Auto giant Mahindra & Mahindra (M&M) may have seen its stock slip up to 2% in intraday trade following its Q1FY26 results, but top brokerages remain firmly bullish.

The company reported its earnings after market hours on July 30, and as of the latest, M&M shares were trading at Rs 3,222.60, down 0.41%. Despite the dip, analysts believe the long-term growth of the company remains strong, supported by margin stability, product pipeline, and a rural recovery.

Let’s take a look at why Motilal Oswal and Nuvama continue to back the stock –

Motilal Oswal on Mahindra & Mahindra

Motilal Oswal has maintained a ‘Buy’ rating on Mahindra & Mahindra with a target price of Rs 3,687 per share. According to the brokerage report, M&M’s Q1 PAT came in at Rs 34.4 billion, beating their estimate of Rs 30.7 billion, largely due to higher other income.

While the Farm Equipment Segment saw a margin improvement of 140 basis points YoY to 19.8%, the auto segment held steady at 8.9%, though it was slightly affected by contract manufacturing margins in electric SUVs.

“While M&M has outperformed its own targets of earnings growth and RoE of 18%, management remains committed to delivering 15–20% EPS growth and 18% RoE. This ensures sustained profitability and shareholder value,” Motilal Oswal said in its note.

The brokerage sees M&M as well-positioned to outperform across core businesses, citing a healthy rural recovery and new product launches in UVs and tractors. It forecasts a CAGR of approx. 15% in revenue, 14% in EBITDA, and 18% in PAT over FY25–27.

Nuvama on Mahindra & Mahindra

Nuvama Institutional Equities also retained its ‘Buy’ call with a slightly higher target price of Rs 3,700. According to the brokerage report, Q1FY26 revenue and EBITDA grew 26% and 21% YoY, in line with estimates. However, the firm trimmed FY26E/27E EPS by 2% due to a lower margin outlook for the auto segment.

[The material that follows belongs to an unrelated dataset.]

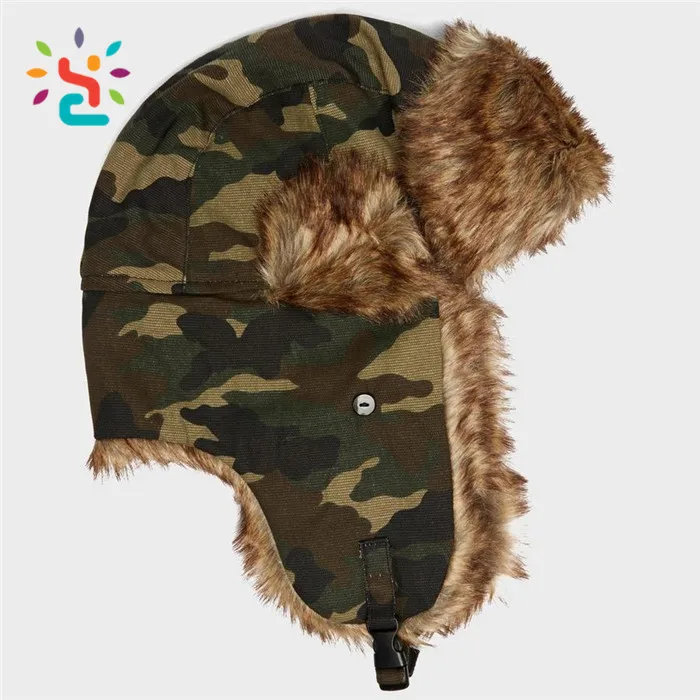 camo fur hat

“We estimate revenue and core earnings CAGRs would be 13% each over FY25–28E; this shall sustain RoIC at 55%-plus,” the brokerage said.

Nuvama expects the auto segment to grow at 14% CAGR, led by demand for key models and new launches. Meanwhile, the farm segment is projected to clock 10% CAGR, as per the brokerage report.

“Increasing BEV penetration should help reduce fleet emissions, which should enable the company to meet the upcoming CAFE3 norms,” added the brokerage in its report.

Nuvama expects BEV volumes of 48,000 units in FY26 and 96,000 units in FY27, making up 8% and 15% of domestic UV sales, respectively. The company plans to launch five new BEVs by 2030 and a focus on global markets like Europe, South Africa, and Latin America.

BNP Paribas on M&M

BNP Paribas has an Outperform rating on Mahindra & Mahindra with a target of Rs 3,665 per share. According to them, M&M “solid execution in UVs and tractors on both product and profitability fronts makes it a unique, high-quality, solid earnings growth story in a market that is starved for growth.”

With more product interventions planned, they expect this growth outperformance to be sustained. With core auto valuations similar to Maruti’s last 10-year average, “while offering much stronger earnings CAGR, we find its valuation attractive.”